This Marketing 101 piece is very short.  Why?  Well after you read it, you'll understand. 

This Guy is Smart!!! Or How to Get People to Read Your Email

I just got the following email from John:

Scott,

read this :

a link here (text version of link in email replaced "a link here" due to the length of the link)

it's quick... and yes you should be using Adium if you're not.

John

Here's what was so damn smart about it:

  • The email was short.  How many times have you opened an email and found it to be long and said to yourself "I'll read this later; I don't have the mental energy for it right now".  You put it aside until later and then never return to it.  Anyone who sends an email has to understand that people today are busy.  We all have good intentions (yes I really do have faith in people) but we're all overworked, overtired, overstressed, etc.  Short works well.  Now when it's the right person, there is nothing wrong with long emails (and I would have gladly read a long email from John since previous dialog has built up the trust relationship between us but my making it short, he dramatically raised the probability of my reading it).

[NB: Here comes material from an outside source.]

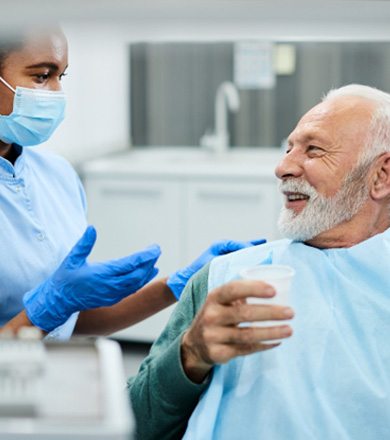 dentist talking to patient about dental implants in Norwalk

  • He sets my expectations in advance"it's quick".  I've written in the past about committment and here is just another example.  Following a link is a commitment.  "Horse puckey" you think.  "Now Scott has really lost it; it's just a damn link".  Well… Not really.  Anything that involves my time is a commitment.  Think about the amount of email you get daily and the quantity that has a url attached.  That's what, say, 60 urls?  Sure some of it may be spam but we all get a lot of mail these days.  And in this blogosphere of ours, it's probably higher.  If you assume that the average time to click on a url and then just scan (not read but scan) the destination web page is 30 seconds, that's:
    • 30 minutes per day or 

    • 3 1/2 hours per week or

    • 182 hours per year or

    • 7.583 days per year or
    • 1.583 weeks per year
  • Now I'm not going to tell you that we all work out in our heads the mail on the time spent following urls in emails; we don't at all.  What we have is an overall subliminal perception in our heads that this stuff takes time and maybe we just shouldn't bother.  When John told me " it's quick", he alerted me that it wouldn't take long.  John's a regular reader as far as I know and he's making the logical inference that I'm busy (probably since he sees the quantity of blog drivel I produce) and being unbelievably considerate of my time.  That's very, very cool.  Kudos to John on this.  And, yes, I'm a huge believer in good manners; despite what some of my invective filled writing might make you think.

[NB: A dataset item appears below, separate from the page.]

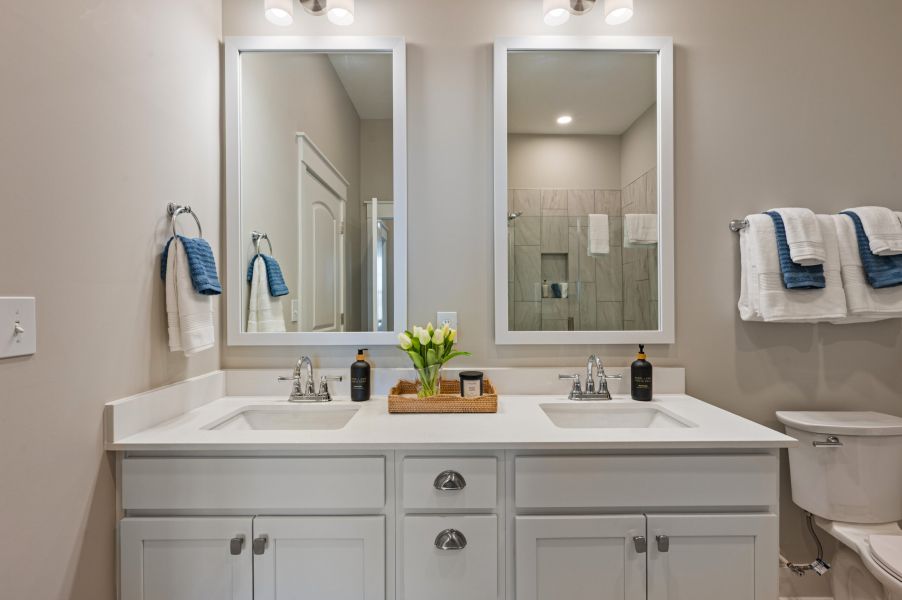 Modern bathroom with double sinks, two mirrors, a tray with flowers and toiletries, blue towels, and a toilet on the right.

  • He added a personal recommendation " and yes you should be using Audium…".  I'm a firm believer that if you don't really know what you are doing in a geeky area you seek the opinion of someone who does.  I know John's a better Mac guy than I am so I'm going to trust him here.  I'm not sure if John knows that but a personal recommendation works for me as it does for many people.  I could also describe this as it "plays in peoria" (an old Americanism phrase indicating this; no idea where it came from).  In a world that is all too often increasingly anonymous, personal works.